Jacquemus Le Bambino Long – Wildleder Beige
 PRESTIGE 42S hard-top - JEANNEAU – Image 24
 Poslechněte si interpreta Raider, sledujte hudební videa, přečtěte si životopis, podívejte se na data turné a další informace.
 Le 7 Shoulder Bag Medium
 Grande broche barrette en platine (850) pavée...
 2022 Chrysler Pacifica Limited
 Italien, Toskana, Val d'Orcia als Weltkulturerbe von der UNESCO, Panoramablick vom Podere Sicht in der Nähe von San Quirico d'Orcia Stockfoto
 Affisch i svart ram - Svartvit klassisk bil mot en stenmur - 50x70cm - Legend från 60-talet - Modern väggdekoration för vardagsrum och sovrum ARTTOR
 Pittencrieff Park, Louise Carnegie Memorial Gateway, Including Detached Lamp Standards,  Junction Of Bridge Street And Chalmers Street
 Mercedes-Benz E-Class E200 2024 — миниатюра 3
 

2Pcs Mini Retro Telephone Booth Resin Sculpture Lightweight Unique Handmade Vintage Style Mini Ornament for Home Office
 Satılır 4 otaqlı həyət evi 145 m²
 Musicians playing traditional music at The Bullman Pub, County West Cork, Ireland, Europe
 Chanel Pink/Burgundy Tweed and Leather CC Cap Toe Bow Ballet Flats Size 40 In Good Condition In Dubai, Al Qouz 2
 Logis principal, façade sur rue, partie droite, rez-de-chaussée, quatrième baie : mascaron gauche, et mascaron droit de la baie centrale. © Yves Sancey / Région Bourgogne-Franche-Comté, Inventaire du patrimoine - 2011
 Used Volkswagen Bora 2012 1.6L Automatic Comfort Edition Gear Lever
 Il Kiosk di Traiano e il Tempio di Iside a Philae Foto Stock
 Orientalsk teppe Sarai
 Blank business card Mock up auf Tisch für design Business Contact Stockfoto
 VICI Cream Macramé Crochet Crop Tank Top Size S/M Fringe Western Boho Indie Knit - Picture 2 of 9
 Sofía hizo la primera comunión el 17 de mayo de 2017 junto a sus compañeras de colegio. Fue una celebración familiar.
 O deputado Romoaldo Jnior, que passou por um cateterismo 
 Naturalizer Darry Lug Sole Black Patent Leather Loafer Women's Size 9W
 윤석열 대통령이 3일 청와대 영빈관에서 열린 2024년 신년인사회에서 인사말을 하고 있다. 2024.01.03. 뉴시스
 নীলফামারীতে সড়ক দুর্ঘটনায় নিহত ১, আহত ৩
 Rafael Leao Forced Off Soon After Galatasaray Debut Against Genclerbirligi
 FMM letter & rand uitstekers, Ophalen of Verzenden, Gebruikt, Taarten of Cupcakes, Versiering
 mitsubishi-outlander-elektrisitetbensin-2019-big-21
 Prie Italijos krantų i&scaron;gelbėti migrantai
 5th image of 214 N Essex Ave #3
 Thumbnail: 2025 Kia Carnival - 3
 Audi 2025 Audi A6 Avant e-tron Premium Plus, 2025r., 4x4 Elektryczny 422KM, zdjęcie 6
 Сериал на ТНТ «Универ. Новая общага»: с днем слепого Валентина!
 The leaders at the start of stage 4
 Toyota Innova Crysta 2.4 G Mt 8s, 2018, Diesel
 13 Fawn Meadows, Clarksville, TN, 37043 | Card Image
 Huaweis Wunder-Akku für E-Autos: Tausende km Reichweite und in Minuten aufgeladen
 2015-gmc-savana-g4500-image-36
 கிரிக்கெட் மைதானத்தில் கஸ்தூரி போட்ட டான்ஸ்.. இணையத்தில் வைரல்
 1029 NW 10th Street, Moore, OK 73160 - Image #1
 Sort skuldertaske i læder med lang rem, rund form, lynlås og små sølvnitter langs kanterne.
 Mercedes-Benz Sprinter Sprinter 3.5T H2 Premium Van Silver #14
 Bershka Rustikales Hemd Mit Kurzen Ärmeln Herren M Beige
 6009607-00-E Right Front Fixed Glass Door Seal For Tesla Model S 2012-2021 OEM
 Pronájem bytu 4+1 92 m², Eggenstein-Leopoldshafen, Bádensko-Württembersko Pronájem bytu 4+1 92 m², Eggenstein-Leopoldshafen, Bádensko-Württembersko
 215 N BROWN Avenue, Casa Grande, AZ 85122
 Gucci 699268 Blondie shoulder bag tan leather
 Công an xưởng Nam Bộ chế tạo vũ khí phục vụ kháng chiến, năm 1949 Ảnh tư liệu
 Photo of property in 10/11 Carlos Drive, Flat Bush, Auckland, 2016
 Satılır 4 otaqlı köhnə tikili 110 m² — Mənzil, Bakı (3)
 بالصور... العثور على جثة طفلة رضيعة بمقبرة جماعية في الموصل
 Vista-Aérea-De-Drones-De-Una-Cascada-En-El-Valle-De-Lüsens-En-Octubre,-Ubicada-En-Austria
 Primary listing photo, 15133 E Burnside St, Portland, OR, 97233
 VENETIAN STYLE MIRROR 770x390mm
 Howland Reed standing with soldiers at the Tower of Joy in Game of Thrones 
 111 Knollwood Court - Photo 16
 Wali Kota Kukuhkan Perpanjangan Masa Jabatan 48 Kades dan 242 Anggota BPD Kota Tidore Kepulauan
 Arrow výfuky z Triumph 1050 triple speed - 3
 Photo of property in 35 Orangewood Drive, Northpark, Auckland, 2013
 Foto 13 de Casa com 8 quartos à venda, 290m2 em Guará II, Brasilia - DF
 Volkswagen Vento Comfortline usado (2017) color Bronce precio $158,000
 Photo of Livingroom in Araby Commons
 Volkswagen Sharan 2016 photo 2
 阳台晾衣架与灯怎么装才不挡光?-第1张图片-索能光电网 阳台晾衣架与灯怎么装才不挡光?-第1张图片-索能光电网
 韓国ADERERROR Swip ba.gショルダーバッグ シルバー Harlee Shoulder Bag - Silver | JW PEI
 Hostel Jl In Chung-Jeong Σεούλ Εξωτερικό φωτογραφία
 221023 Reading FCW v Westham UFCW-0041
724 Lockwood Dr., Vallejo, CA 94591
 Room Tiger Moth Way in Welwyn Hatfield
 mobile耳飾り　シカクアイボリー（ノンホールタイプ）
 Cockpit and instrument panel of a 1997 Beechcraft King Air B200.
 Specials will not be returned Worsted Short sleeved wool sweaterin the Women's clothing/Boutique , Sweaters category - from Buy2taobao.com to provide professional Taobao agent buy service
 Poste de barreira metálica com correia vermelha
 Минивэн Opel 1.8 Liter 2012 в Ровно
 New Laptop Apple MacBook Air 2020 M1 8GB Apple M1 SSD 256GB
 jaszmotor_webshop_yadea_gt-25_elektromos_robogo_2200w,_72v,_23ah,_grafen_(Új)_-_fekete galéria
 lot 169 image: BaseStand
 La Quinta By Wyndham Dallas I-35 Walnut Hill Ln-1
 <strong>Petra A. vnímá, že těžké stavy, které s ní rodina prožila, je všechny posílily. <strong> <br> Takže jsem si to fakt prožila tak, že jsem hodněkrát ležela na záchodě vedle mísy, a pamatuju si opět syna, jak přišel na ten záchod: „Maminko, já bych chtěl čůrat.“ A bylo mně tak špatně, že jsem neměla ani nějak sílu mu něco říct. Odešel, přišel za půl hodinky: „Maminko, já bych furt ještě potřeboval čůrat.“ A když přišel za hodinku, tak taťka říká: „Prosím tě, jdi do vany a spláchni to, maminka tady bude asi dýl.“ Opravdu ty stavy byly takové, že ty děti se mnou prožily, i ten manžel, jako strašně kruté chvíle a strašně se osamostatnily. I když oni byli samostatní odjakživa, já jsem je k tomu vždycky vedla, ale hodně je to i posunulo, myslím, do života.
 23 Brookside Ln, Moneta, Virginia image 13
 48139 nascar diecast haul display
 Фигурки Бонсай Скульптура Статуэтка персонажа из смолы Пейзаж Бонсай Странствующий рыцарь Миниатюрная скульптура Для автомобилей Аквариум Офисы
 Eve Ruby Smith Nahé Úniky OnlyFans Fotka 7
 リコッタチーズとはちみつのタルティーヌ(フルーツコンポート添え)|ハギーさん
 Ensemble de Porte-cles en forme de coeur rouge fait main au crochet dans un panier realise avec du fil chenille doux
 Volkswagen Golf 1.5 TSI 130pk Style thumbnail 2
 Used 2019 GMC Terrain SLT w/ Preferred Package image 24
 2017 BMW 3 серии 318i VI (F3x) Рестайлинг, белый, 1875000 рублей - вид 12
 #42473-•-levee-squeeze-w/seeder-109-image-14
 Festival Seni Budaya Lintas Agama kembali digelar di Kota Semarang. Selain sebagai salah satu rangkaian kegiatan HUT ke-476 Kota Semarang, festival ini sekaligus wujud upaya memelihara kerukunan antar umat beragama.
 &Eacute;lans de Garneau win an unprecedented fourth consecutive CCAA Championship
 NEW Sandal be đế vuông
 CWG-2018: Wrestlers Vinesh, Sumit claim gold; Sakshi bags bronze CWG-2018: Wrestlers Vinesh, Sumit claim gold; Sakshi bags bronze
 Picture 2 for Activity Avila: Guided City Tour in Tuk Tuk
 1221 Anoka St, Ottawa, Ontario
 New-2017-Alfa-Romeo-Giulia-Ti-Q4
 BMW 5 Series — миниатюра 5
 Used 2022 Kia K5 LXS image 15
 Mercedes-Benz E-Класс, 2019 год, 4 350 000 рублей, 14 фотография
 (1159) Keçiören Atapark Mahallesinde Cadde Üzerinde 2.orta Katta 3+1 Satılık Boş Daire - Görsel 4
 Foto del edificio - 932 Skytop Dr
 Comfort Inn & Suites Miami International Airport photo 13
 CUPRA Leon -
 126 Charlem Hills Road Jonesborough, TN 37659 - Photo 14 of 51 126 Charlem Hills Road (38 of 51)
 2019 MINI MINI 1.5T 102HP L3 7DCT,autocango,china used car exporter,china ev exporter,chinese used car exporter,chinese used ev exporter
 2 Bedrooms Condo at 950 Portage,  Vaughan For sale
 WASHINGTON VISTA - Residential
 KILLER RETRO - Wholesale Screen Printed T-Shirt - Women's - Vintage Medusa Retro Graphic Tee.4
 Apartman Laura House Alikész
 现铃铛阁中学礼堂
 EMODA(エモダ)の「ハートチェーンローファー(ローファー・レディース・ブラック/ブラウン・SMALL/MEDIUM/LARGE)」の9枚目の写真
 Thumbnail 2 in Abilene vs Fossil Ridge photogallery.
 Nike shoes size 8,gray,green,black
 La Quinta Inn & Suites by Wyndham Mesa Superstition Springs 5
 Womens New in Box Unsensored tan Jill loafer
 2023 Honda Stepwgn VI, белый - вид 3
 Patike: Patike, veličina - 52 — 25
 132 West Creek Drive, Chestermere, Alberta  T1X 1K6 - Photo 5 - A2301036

+-------+

Scan the listing above for the line that has "Фигурки Бонсай Скульптура", then copy exactly from that line through the line that has "Used 2022 Kia K5 LXS image 15".

**OUTPUT**.
 Фигурки Бонсай Скульптура Статуэтка персонажа из смолы Пейзаж Бонсай Странствующий рыцарь Миниатюрная скульптура Для автомобилей Аквариум Офисы
 Eve Ruby Smith Nahé Úniky OnlyFans Fotka 7
 リコッタチーズとはちみつのタルティーヌ(フルーツコンポート添え)|ハギーさん
 Ensemble de Porte-cles en forme de coeur rouge fait main au crochet dans un panier realise avec du fil chenille doux
 Volkswagen Golf 1.5 TSI 130pk Style thumbnail 2
 Used 2019 GMC Terrain SLT w/ Preferred Package image 24
 2017 BMW 3 серии 318i VI (F3x) Рестайлинг, белый, 1875000 рублей - вид 12
 #42473-•-levee-squeeze-w/seeder-109-image-14
 Festival Seni Budaya Lintas Agama kembali digelar di Kota Semarang. Selain sebagai salah satu rangkaian kegiatan HUT ke-476 Kota Semarang, festival ini sekaligus wujud upaya memelihara kerukunan antar umat beragama.
 &Eacute;lans de Garneau win an unprecedented fourth consecutive CCAA Championship
 NEW Sandal be đế vuông
 CWG-2018: Wrestlers Vinesh, Sumit claim gold; Sakshi bags bronze CWG-2018: Wrestlers Vinesh, Sumit claim gold; Sakshi bags bronze
 Picture 2 for Activity Avila: Guided City Tour in Tuk Tuk
 1221 Anoka St, Ottawa, Ontario
 New-2017-Alfa-Romeo-Giulia-Ti-Q4
 BMW 5 Series — миниатюра 5
 Used 2022 Kia K5 LXS image 15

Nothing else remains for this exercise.